Exercise data:
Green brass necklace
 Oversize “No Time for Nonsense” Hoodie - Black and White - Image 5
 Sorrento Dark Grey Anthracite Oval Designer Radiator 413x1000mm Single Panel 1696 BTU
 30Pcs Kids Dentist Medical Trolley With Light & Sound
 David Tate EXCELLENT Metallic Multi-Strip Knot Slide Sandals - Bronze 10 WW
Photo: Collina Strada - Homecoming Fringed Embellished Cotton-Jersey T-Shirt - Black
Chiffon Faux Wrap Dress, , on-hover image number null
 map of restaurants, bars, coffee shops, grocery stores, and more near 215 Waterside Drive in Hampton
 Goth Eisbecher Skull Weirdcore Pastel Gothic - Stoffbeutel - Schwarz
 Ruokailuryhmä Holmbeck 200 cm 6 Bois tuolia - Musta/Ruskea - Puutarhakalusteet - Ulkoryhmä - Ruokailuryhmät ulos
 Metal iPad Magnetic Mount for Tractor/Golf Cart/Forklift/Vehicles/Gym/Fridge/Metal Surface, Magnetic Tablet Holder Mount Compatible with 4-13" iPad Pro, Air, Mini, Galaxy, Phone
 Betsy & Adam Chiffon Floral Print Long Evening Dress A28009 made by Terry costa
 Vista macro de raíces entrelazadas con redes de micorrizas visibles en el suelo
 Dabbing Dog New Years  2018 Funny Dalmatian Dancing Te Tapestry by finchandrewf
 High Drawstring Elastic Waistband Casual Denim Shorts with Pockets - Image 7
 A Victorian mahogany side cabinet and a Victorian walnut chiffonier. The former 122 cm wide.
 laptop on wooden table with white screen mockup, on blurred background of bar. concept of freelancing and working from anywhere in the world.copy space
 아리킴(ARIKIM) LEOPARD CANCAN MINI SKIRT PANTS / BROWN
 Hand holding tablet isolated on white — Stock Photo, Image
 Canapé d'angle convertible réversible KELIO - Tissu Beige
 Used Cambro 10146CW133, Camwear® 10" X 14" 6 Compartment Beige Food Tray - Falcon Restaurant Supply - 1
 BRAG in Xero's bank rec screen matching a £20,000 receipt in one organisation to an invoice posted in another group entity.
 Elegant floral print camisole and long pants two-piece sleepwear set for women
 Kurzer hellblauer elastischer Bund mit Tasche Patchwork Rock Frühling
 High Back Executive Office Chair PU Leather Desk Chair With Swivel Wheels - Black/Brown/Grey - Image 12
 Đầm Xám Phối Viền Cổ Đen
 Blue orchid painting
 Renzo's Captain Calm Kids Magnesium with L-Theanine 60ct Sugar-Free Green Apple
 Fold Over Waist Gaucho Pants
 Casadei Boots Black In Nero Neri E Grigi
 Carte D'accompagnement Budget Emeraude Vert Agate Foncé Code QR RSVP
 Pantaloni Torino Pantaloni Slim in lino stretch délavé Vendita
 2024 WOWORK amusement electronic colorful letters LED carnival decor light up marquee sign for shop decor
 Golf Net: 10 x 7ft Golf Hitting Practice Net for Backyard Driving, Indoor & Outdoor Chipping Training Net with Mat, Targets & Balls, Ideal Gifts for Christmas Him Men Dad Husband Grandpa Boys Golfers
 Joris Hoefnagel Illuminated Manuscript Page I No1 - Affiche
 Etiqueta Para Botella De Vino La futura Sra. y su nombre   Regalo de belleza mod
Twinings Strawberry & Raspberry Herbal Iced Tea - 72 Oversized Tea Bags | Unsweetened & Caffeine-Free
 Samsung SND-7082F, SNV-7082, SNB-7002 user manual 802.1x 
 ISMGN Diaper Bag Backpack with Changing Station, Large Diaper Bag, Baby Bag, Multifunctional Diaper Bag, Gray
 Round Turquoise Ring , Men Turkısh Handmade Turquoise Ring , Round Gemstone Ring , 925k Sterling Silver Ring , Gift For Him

Work request:
Transcribe the lines above between the line holding "High Back Executive" and the line holding "Fold Over Waist Gaucho Pants", inclusive, exactly as they stand and with nothing added.

Answer to this exercise:
 High Back Executive Office Chair PU Leather Desk Chair With Swivel Wheels - Black/Brown/Grey - Image 12
 Đầm Xám Phối Viền Cổ Đen
 Blue orchid painting
 Renzo's Captain Calm Kids Magnesium with L-Theanine 60ct Sugar-Free Green Apple
 Fold Over Waist Gaucho Pants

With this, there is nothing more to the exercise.